Kegamangan identitas ketika mereka memuja percepatan tersebut. Dalam zaman
postmodern seperti ini, nilai guna telah bergeser menjadi nilai tanda,hidup
kita dikukung oleh tanda dan simbol. Kita tak peduli bahwa makanan pinggir
jalan lebih enak daripada restaurant, karena kita bukan menikmati makanannya,
tapi juga memakan gengsi. Dan inilah hebatnya produk kapitalis, hebat dalam
promosi dan konsep-konsep yang dirubah.
Minimarket
ini dipenuhi tanda yang tidak “memanusiakan” kita. Ketika kita masuk saja sudah
disuguhi dengan tanda “dorong“ dan “tarik”. Lalu kita masuk dan sang kasir
menyapa, “selamat datang di minimarket kami”, itu pun kalau kita beruntung
disapanya.
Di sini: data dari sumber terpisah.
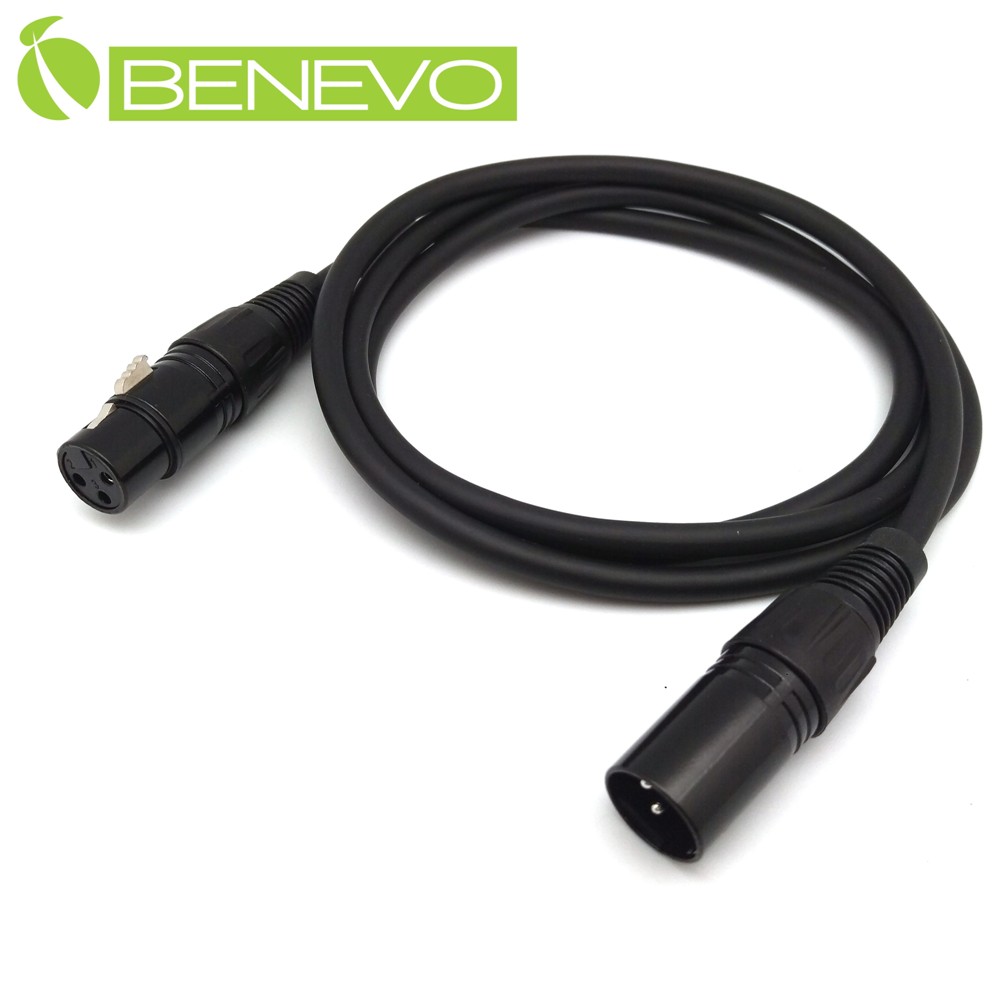 BENEVO 1.5M XLR(Cannon接頭)公對母音訊連接線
Dan tahukah, bahwa kalimat itu telah diucapkan ribuan kali kepada
orang-orang yang masuk dengan kalimat itu-itu saja, mereka mengucapkan itu
tanpa ketulusan sama sekali, hanya sebuah paksaan, sebuah keharusan yang
diperintahkan atasannya agar minimarketnya mendapat titel “ramah”. kasihan
benar mereka, dipaksa untuk menjadi robot penyapa, lalu apa bedanya mereka
dengan robot lingoroid yang bisa bicara itu?. Dan parahnya lagi mereka
tersenyum, senyum penuh kepalsuan, senyum yang dipaksakan, dan kita tersenyum
lagi penuh keterpaksaan.
Lalu
kita memilih barang yang kita inginkan, dan sekali lagi tanda muncul, yaitu
harga-harga. Harga itu tercantum agar kita tak perlu bertanya kepada petugasnya
mengenai harganya, semakin jelaslah bahwa kita telah dipaksa untuk bungkam.
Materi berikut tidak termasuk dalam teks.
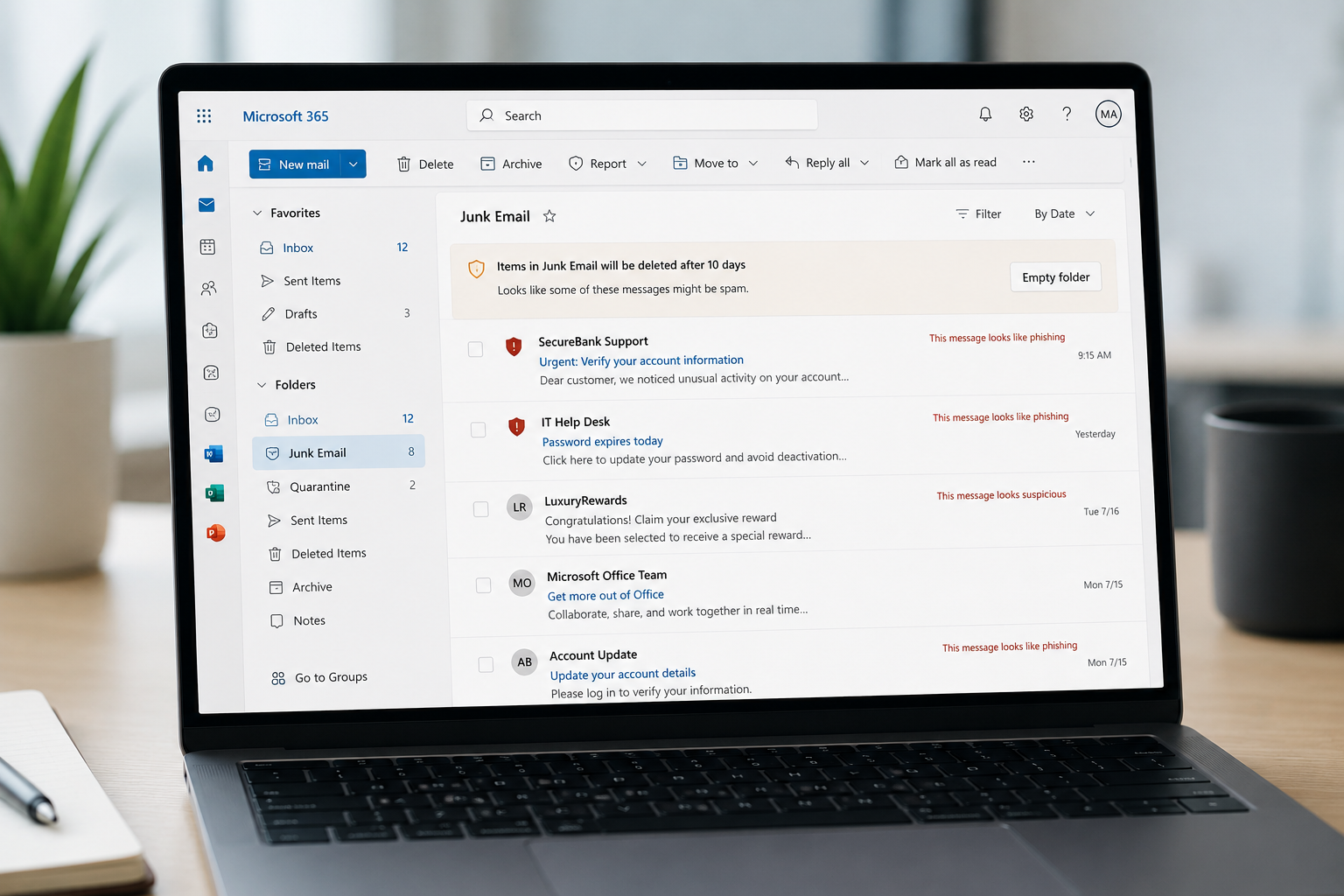 Modern email security dashboard identifying phishing and spam threats in Microsoft 365 inbox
Kita tak bisa menawar dengan seenak hati, atau sekedar berbinacang barang mana
yang lebih bagus atau yang lebih enak, seperti yang bisa kita dapatkan di pasar
tradisional. Lalu kita bawa ke kasir dan mendapatkan tanda lagi, bukan seorang
manusia utuh. Yakni harga total yang tertera di sebuah layar kecil yang sengaja
mengarah kepada kita agar kita bisa membacanya tanpa perlu bertanya, “jadi
berapa?” dan pertanyaan lain yang tidak diperlukan, walaupun hanya untuk
sekadar berbincang. Oh ya lupa, mereka kan robot y? Dan akhirnya kita melewati
lagi tanda dipintu tadi.
Dapat
dilihat betapa hebatnya tanda dibanding manusia, bisa menggan ti keberadaan
manusia sekalipun. Dan akhirnya kita hidup didunia yang penuh dengan tanda,
tanpa manusia, karena tanda menguasai kita, bukan kita yang menguasai tanda,
hanya karena alasan kepraktisan, kemudahan, dan kecepatan, yang semuanya tidak
berarti apa-apa dengan proses memanusiakan yang justru dibutuhkan dalam hidup.
Dunia ini menyedihkan, betapa kecepatan dipuja. Semoga kita sadar, bahwa hidup
terlalu indah untuk dilalui dengan senang, dan tuhan telah menciptakan hidup
ini harus dengan perjuangan dan kesusahan, lalu mengapa manusia harus
mempercepatnya?. Dana khirnya, “Selamat datang di dunia tanda kami!”.